Film Studies professors Ray Rea and Kyja Kristjansson-Nelson will be exhibiting new work at the 2010 Athens International Film and Video Festival. Both works combine elements of documentary, animation and experimental practice.

Rea’s work, Cat’s Cradle, combines 16mm animation and analog rotoscope techniques with digital effects to tell a visual story of trial, error, and forgiveness. The soundtrack for Cat’s Cradle was done by Minneapolis-based Helena Thompson of Purest Spiritual Pigs.

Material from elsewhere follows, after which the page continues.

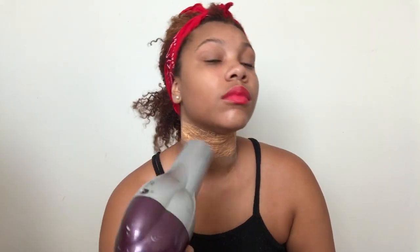This is optional, but you can go ahead and blow dry it if you want it to dry a little bit faster — that's completely up to you.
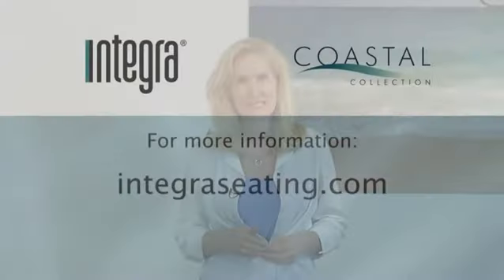Because of the strength of our construction, the quality of our materials, and the durability of our products, we offer a lifetime warranty on the entire Coastal Collection, even in 24-7 facilities. Thanks for watching. Continue to check back for more informational product videos at IntegraSeating.com.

Kristjansson’s 30-minute documentary, Sveit, was shot in a rural village on the north coast of Iceland. The filmmaker traces her family’s history and emigration from Iceland to the United States, while unpacking memories and stories of her grandfather’s experience as a New American in North Dakota. Meanwhile Kristjansson negotiates the relationship between landscape, language, mythology and ritual with the help of the local first through fourth grade Icelandic children. Sveit was funded in part by the Bush Foundation, the Corporation of Yaddo, the Fulbright Association, and Skaftfell Menningarmidstod.

The Athens International Film and Video Festival was founded in 1974, and since then has presented independent films from around the world. The Festival is sponsored by the Athens Center for Film and Video, a project of the College of Fine Arts at Ohio University.